Let me tell you what frustration is. It is the tiny, little infant currently curled up in my lap.
Contradictory? Not in the least. Peculiar? Certainly.
Babies are weird, or rather, how babies make me feel is weird. You can go from being a sane, rational human being with everything ordered, planned, systematized and scheduled to a wild lunatic with hair disheveled, house a mess, and a terrible sense that not only have your forgotten something important, but that it will probably come and eat you soon. This is where I am tonight, sitting in the dimly lit office, typing away at the too-bright screen, and wondering when the--whatever it is--will arrive, and whether I'm just an appetizer or the main course.

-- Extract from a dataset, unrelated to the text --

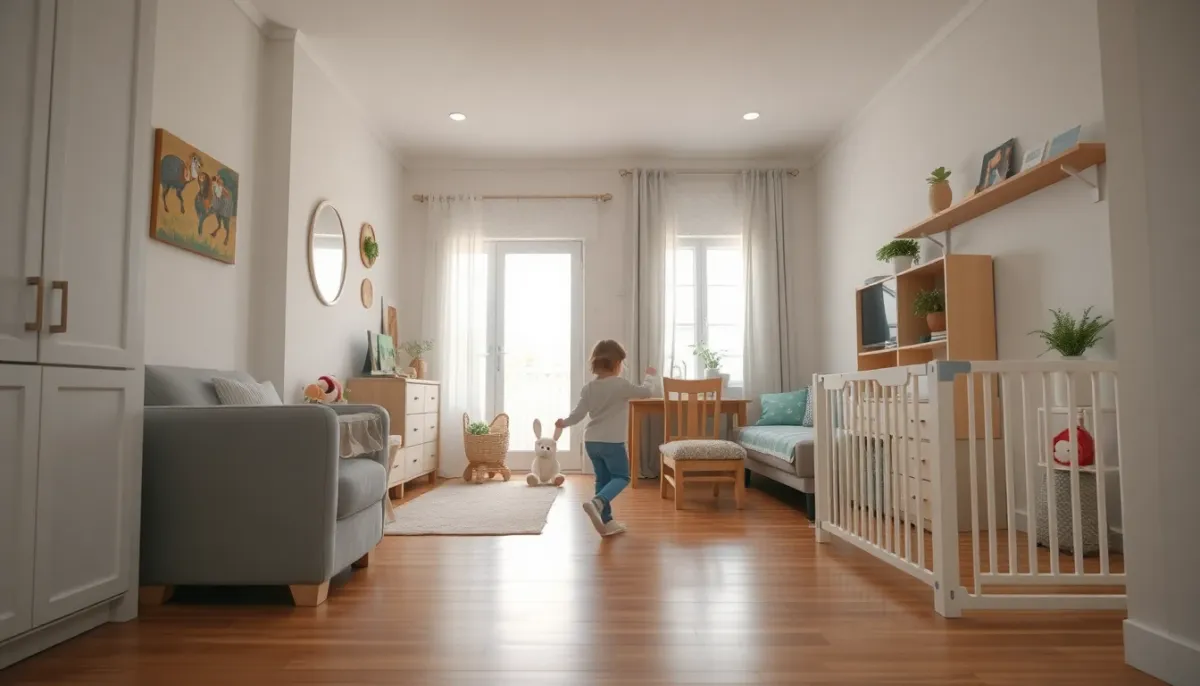 Environnement domestique sécurisé avec mesures de prévention pour éviter les coups à la tête chez l'enfant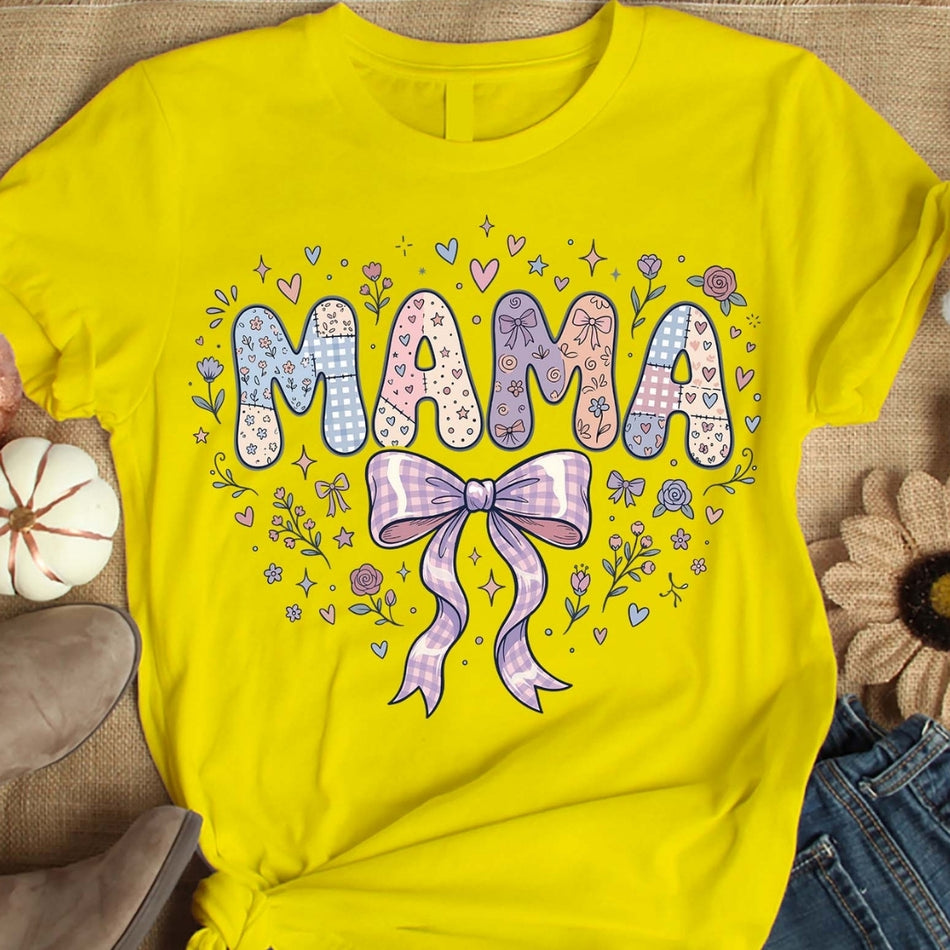Mama Coquette Bow PNG, Floral Patchwork Sublimation Design, Retro Mom Shirt Graphic (Digital Download) A 1580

Fridays are supposed to be quiet days, but we have had no such luck today. Our best plans were waylaid, and there was nothing that anyone could have done, said, or foreseen to forestall the derailment. The whole day was an exercise in frustration for me. Frustration to speak well in front of my classes, frustration to lead a discussion section, frustration to have a sense of what side is up and what side is down. I need one of those labels you find on the cereal box, or a package from UPS--open this side. Then, of course, there is the frustration of attempting to lay your child in his crib. He seems tremendously asleep. His breathing is fixed. His eyes flutter ever so gently, but then, just as you place him on that beddish surface, his eyes burst open, his face wrinkles in distaste, and he scolds you for being myopic. Bespectacled though I am, he still feels it necessary to remind me of my failure to sense his inner wakefulness, his need for yet one more trip to the bottle, one more change of the diaper, and one more agitating attempt at lowering him into his crib.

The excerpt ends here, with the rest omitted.